Task statement:
Copy exactly, and copy nothing else: the line that contains "Tools for eyelash" and all lines after it in the listing, without pictures.

Listed records:
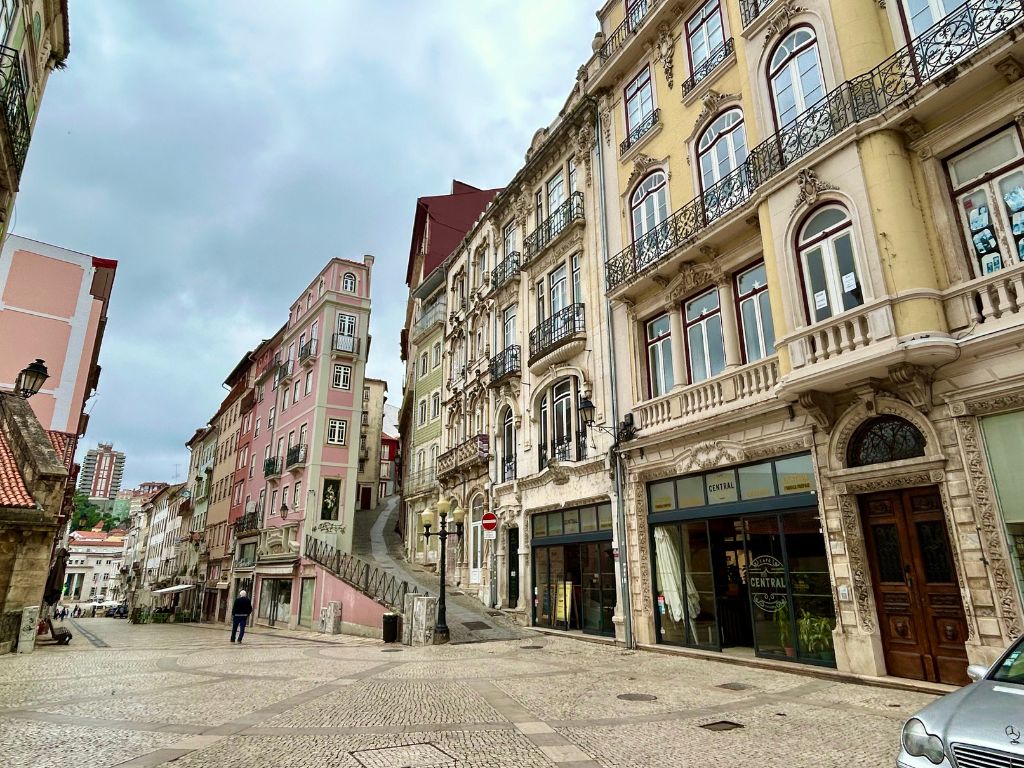 A beautiful street to see on your 1 Day in Coimbra Itinerary. This street has a narrow pink building and rows of old buildings with colorful facades.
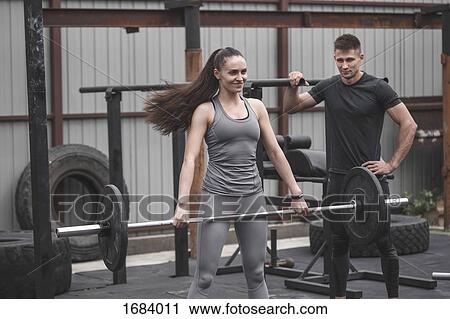 Stock Image - Male instructor looking at female athlete smiling while lifting barbell during cross training. Fotosearch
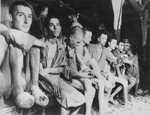 Wounded and sick survivors, Russians, Poles, and Jews, sitting on a bench inside a barracks in Buchenwald concentration camp.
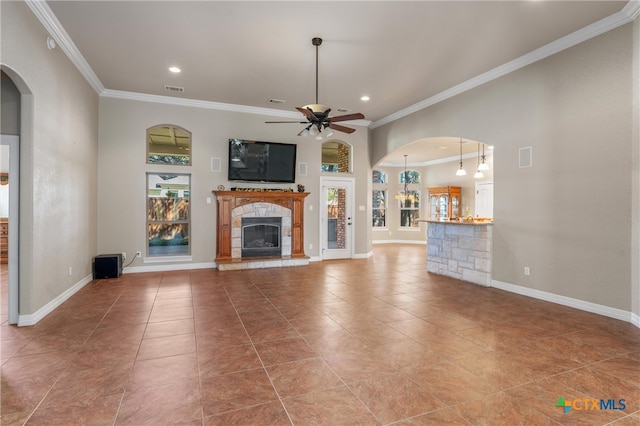 unfurnished living room with a ceiling fan, a healthy amount of sunlight, and crown molding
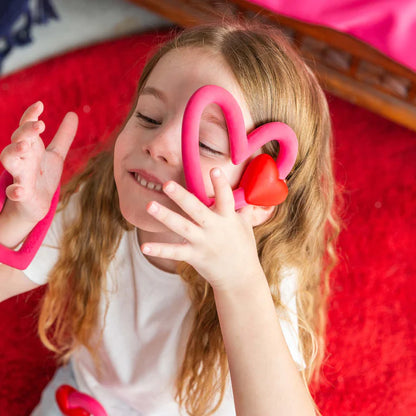 OLI &CAROL - X ARP THE HEART TEETHER (Not available for toy library)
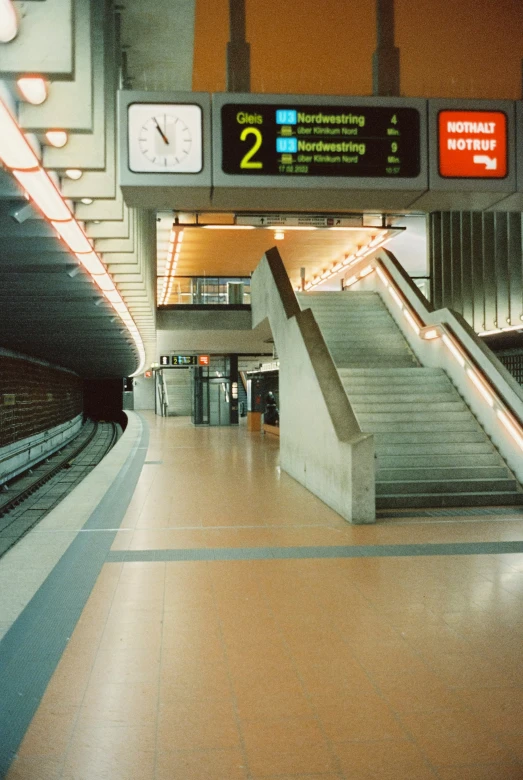 an empty station with a bunch of steps leading up to the platform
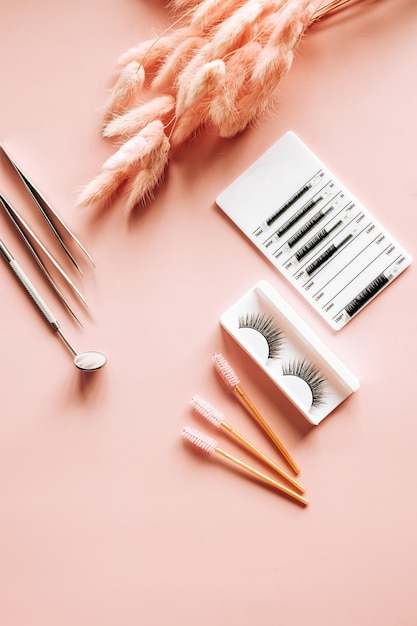 Tools for eyelash extension on trendy pastel pink background False eyelashes tweezers and brushes Beauty shop Makeup cosmetics Top view flat lay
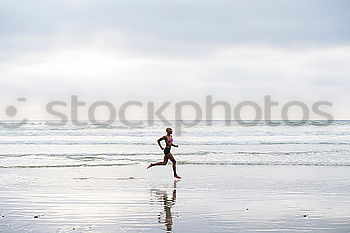 Similar – Person with surfboard walking near sea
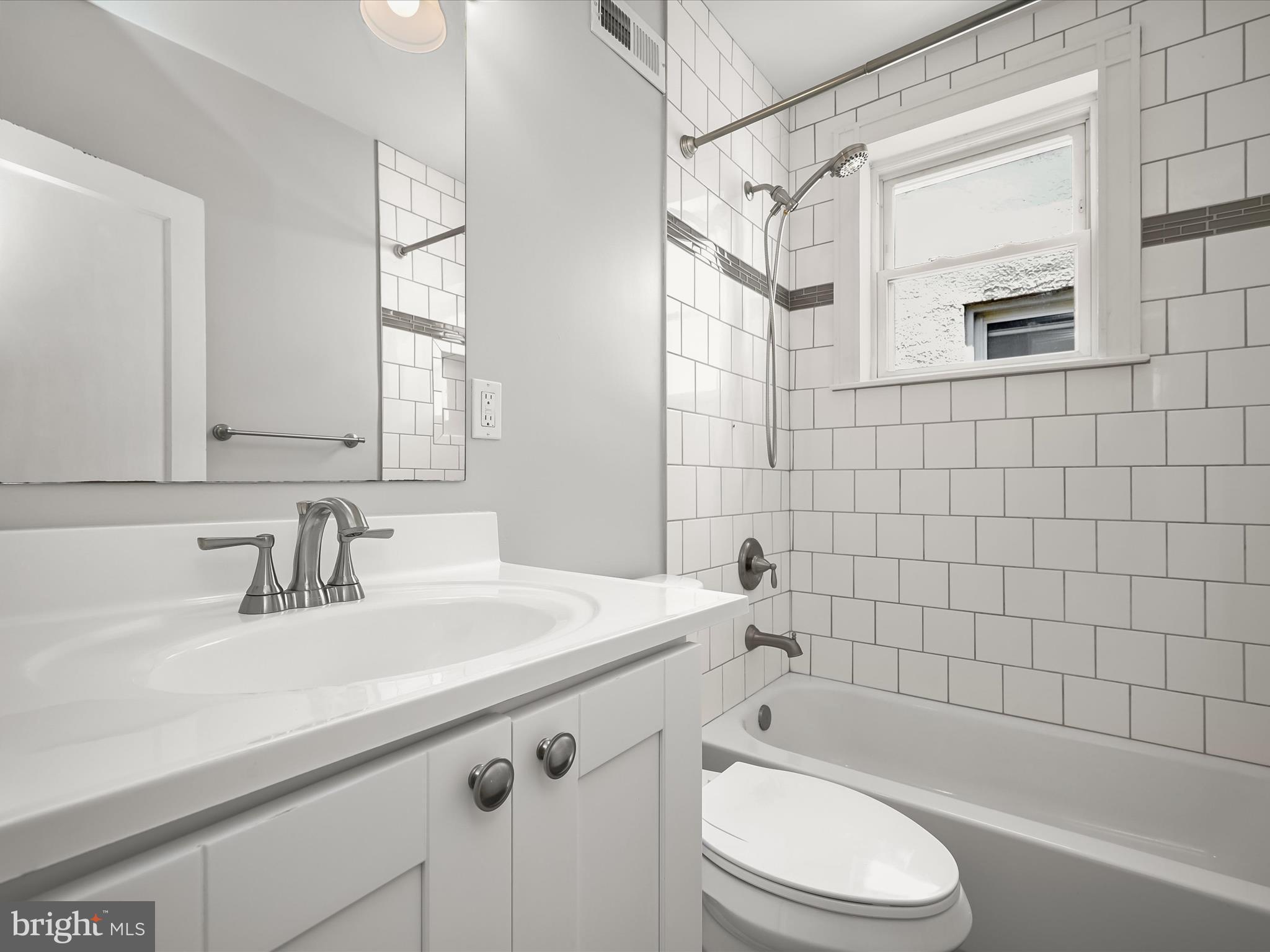 6204 Frederick Road Baltimore, MD 21228 - Photo 28 of 56 a bathroom with a sink a toilet and shower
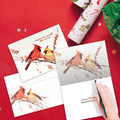 Load image into Gallery viewer, The inside of Tree-Free’s Peace Birds card, with the cover and envelope in the background.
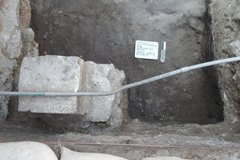 Inside an excavation unit with a step area in the bottom corner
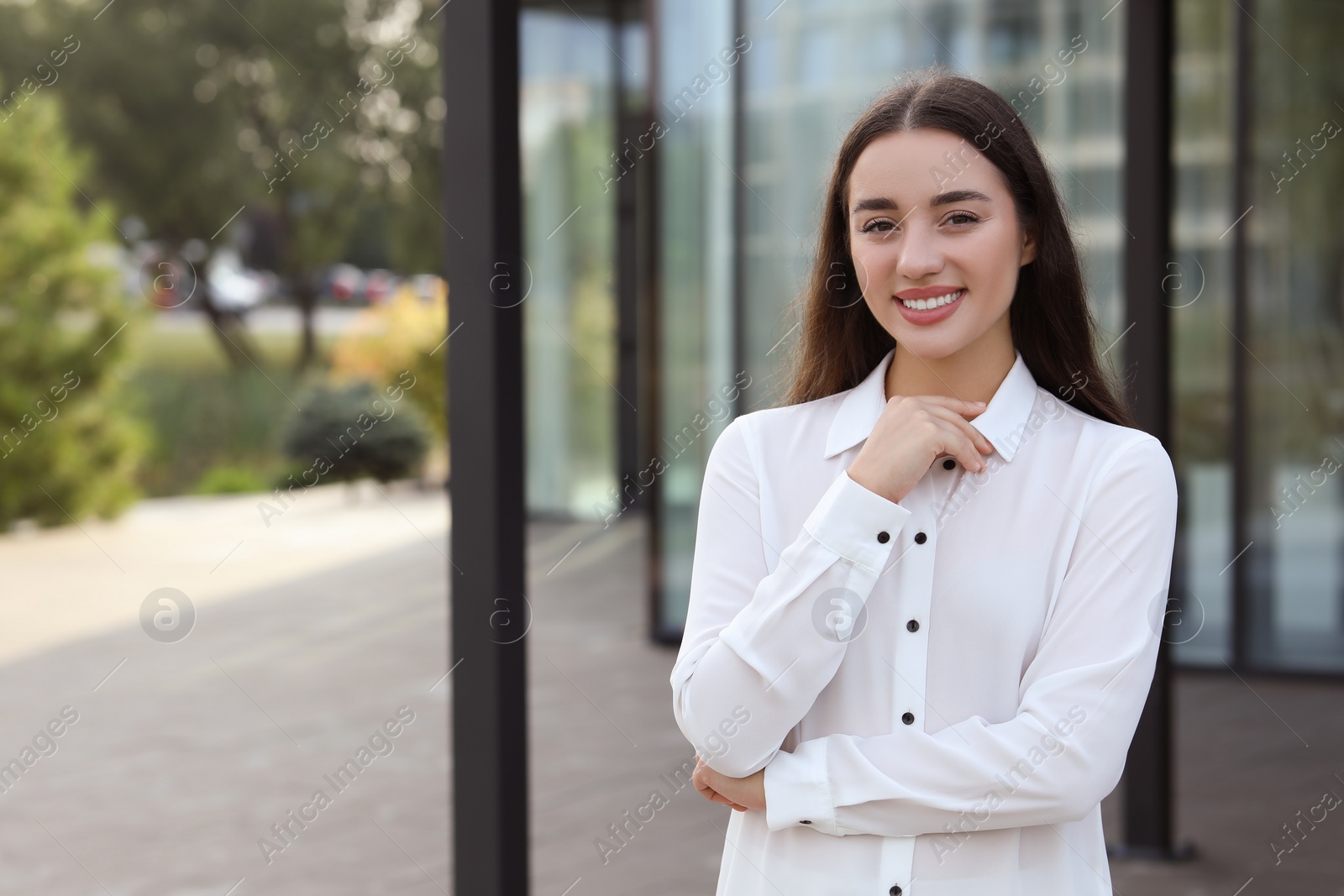 Photo of Portrait of beautiful woman outdoors. Attractive lady smiling and looking into camera. Space for text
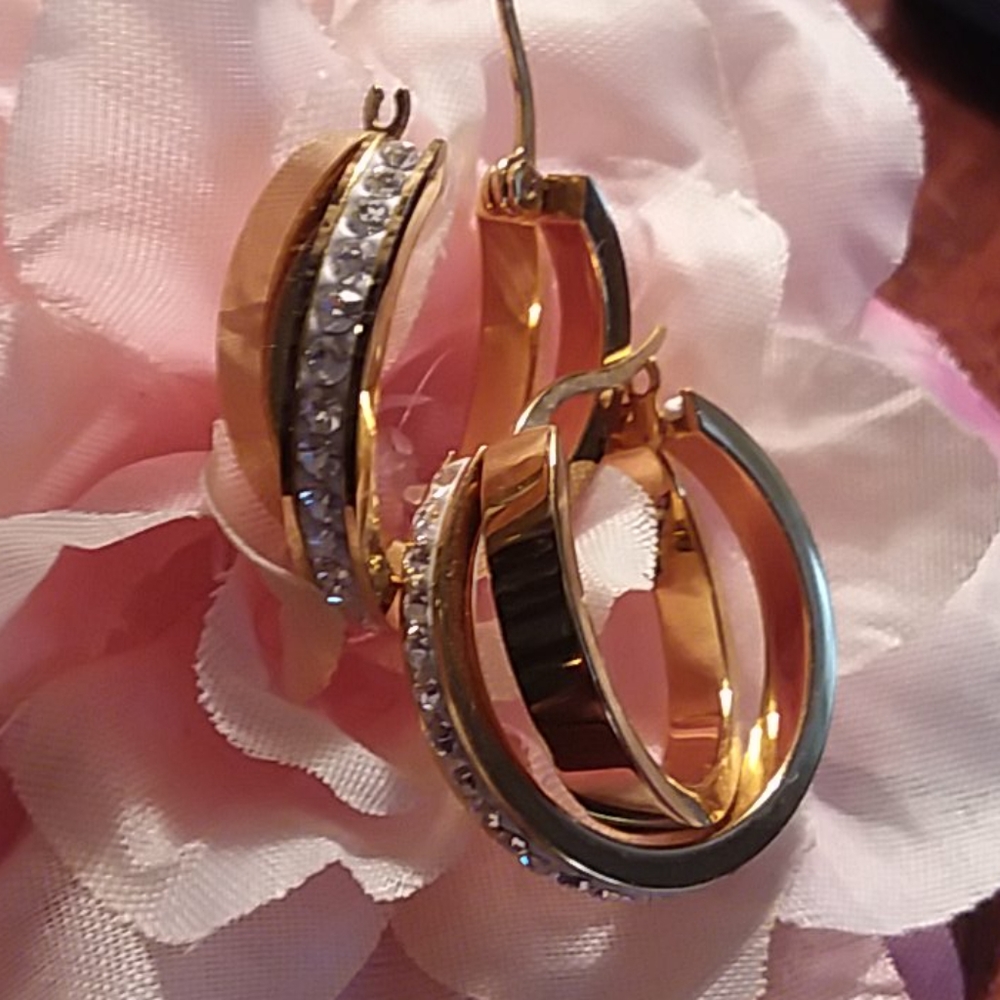 Gold and rhinestone twisted hoops
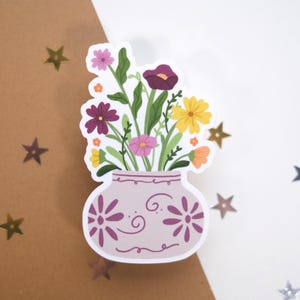 May include: A sticker featuring a vase filled with colorful flowers. The vase is light purple with floral designs. The flowers include purple, pink, yellow, and orange blooms with green leaves. The sticker is on a white and brown background with star-shaped confetti.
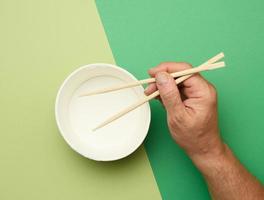 Pair of wooden chopsticks in a male hand and empty paper plate on a green background photo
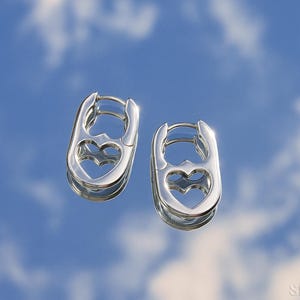 May include: A pair of silver-colored hoop earrings. Each earring has an oval shape with a heart-shaped cutout in the center. The earrings are reflective, with a bright, shiny finish. The background is a blue sky with clouds.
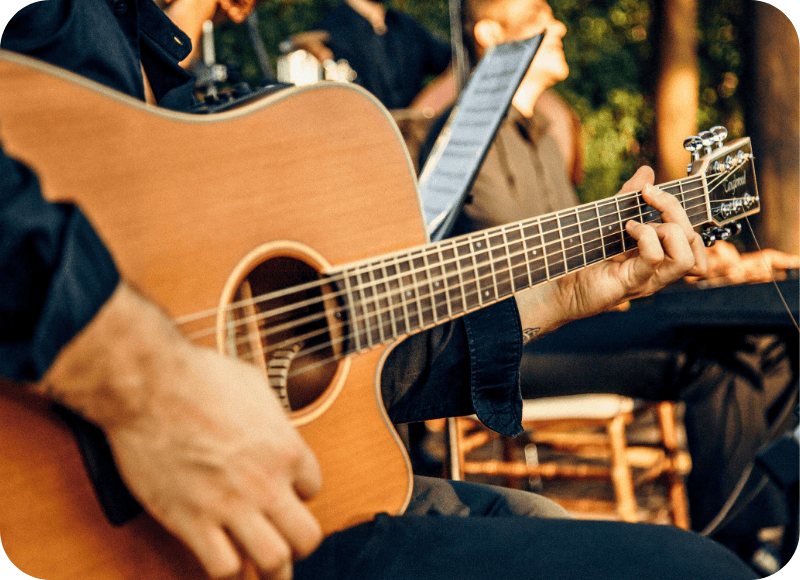 Live music performance at Ventura Harbor Village with guitar and audience.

Result of the task:
 Tools for eyelash extension on trendy pastel pink background False eyelashes tweezers and brushes Beauty shop Makeup cosmetics Top view flat lay
 Similar – Person with surfboard walking near sea
 6204 Frederick Road Baltimore, MD 21228 - Photo 28 of 56 a bathroom with a sink a toilet and shower
 Load image into Gallery viewer, The inside of Tree-Free’s Peace Birds card, with the cover and envelope in the background.
 Inside an excavation unit with a step area in the bottom corner
 Photo of Portrait of beautiful woman outdoors. Attractive lady smiling and looking into camera. Space for text
 Gold and rhinestone twisted hoops
 May include: A sticker featuring a vase filled with colorful flowers. The vase is light purple with floral designs. The flowers include purple, pink, yellow, and orange blooms with green leaves. The sticker is on a white and brown background with star-shaped confetti.
 Pair of wooden chopsticks in a male hand and empty paper plate on a green background photo
 May include: A pair of silver-colored hoop earrings. Each earring has an oval shape with a heart-shaped cutout in the center. The earrings are reflective, with a bright, shiny finish. The background is a blue sky with clouds.
 Live music performance at Ventura Harbor Village with guitar and audience.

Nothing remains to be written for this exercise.